Чехов - Алевтина Кузичева
Шрифт:
Интервал:
16 января, в канун своего 39-летия, Чехов отправил две телеграммы. Одну — Суворину: «Маркс предлагает право собственности 50 000. Прошу 75 000. Телеграфируйте Ваше мнение. Что делать? Кланяюсь. Чехов». Другую — Сергеенко: «Желательно 75 000. Приехать не могу, сделаю всё, что прикажешь. Благодарю [от] всей души. Телеграфирую Суворину. Жду подробности. Чехов». Суворин ответил в тот же день: «Я не понимаю, зачем Вам торопиться с правом собственности, которое будет еще расти. Семь раз отмерьте сначала. Разве Ваше здоровье плохо. От Вас давно нет писем. Суворин».

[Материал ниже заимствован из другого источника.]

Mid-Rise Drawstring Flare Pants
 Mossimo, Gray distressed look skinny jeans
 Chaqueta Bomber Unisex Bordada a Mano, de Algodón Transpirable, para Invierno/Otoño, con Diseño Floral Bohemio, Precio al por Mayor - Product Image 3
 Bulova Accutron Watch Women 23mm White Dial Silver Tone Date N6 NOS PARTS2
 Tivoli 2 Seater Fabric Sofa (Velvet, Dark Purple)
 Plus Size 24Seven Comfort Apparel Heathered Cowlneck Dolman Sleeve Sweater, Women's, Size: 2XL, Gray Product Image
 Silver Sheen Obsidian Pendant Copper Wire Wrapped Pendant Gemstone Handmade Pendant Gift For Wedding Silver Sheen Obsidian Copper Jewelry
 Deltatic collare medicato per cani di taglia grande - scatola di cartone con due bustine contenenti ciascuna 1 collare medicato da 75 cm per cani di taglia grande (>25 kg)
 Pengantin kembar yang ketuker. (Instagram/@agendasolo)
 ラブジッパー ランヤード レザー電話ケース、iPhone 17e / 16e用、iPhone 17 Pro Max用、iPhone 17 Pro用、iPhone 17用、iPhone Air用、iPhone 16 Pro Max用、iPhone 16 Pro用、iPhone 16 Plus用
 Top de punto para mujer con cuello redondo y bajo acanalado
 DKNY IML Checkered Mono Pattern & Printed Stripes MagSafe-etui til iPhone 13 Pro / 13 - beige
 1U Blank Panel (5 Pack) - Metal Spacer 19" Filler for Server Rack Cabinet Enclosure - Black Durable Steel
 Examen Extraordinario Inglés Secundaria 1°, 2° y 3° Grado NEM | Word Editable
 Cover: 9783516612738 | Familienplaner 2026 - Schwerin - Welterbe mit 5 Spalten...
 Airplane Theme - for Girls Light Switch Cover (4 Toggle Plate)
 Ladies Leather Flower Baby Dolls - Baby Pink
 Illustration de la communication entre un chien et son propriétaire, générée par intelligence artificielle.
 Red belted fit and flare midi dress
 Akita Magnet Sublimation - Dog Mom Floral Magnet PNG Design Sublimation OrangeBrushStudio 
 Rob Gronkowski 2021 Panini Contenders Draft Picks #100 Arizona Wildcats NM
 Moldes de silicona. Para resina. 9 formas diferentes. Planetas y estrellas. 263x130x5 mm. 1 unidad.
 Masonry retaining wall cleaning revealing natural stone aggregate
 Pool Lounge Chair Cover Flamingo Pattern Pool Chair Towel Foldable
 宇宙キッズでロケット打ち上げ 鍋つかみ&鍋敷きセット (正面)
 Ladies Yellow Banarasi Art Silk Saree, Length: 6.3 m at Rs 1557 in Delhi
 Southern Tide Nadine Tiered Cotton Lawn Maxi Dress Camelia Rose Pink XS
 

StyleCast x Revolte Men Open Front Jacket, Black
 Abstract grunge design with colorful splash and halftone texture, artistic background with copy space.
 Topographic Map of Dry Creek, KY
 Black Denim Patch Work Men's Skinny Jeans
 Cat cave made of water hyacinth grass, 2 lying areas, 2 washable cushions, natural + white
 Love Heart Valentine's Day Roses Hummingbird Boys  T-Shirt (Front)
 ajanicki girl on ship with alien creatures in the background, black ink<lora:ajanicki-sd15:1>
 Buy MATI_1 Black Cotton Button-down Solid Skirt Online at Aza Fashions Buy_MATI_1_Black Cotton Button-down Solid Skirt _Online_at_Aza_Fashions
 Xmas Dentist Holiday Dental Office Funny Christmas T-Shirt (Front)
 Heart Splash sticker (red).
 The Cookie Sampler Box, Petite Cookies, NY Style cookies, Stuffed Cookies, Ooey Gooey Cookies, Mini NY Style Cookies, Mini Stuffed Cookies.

Чехов намеревался продать право собственности на издание того, что уже было написано. Он оставлял за собой доход с постановок пьес и право на то, что будет написано («будущее наше покрыто мраком неизвестности»). Он хотел издаться у Маркса и получить несколько десятков тысяч, чтобы при жизни побеспокоиться о матери и сестре и о своих сочинениях. В письме от 17 января он упоминал первый и последующие тома, тем самым давая понять Суворину, что он еще не принял решения. Но обозначил главное, то, что в эти же дни он объяснил Сергеенко: «Чтобы жить, я по крайней мере 50 000 должен сделать своим, так сказать, основным капиталом, который давал бы мне около 2 тыс[яч] в год». На эту ренту мать и сестра смогли бы безбедно жить после его смерти. 25 тысяч Чехов предназначал в своих размышлениях на уплату долгов, на новый дом в Ялте, который тоже отошел бы Евгении Яковлевне и Марии Павловне.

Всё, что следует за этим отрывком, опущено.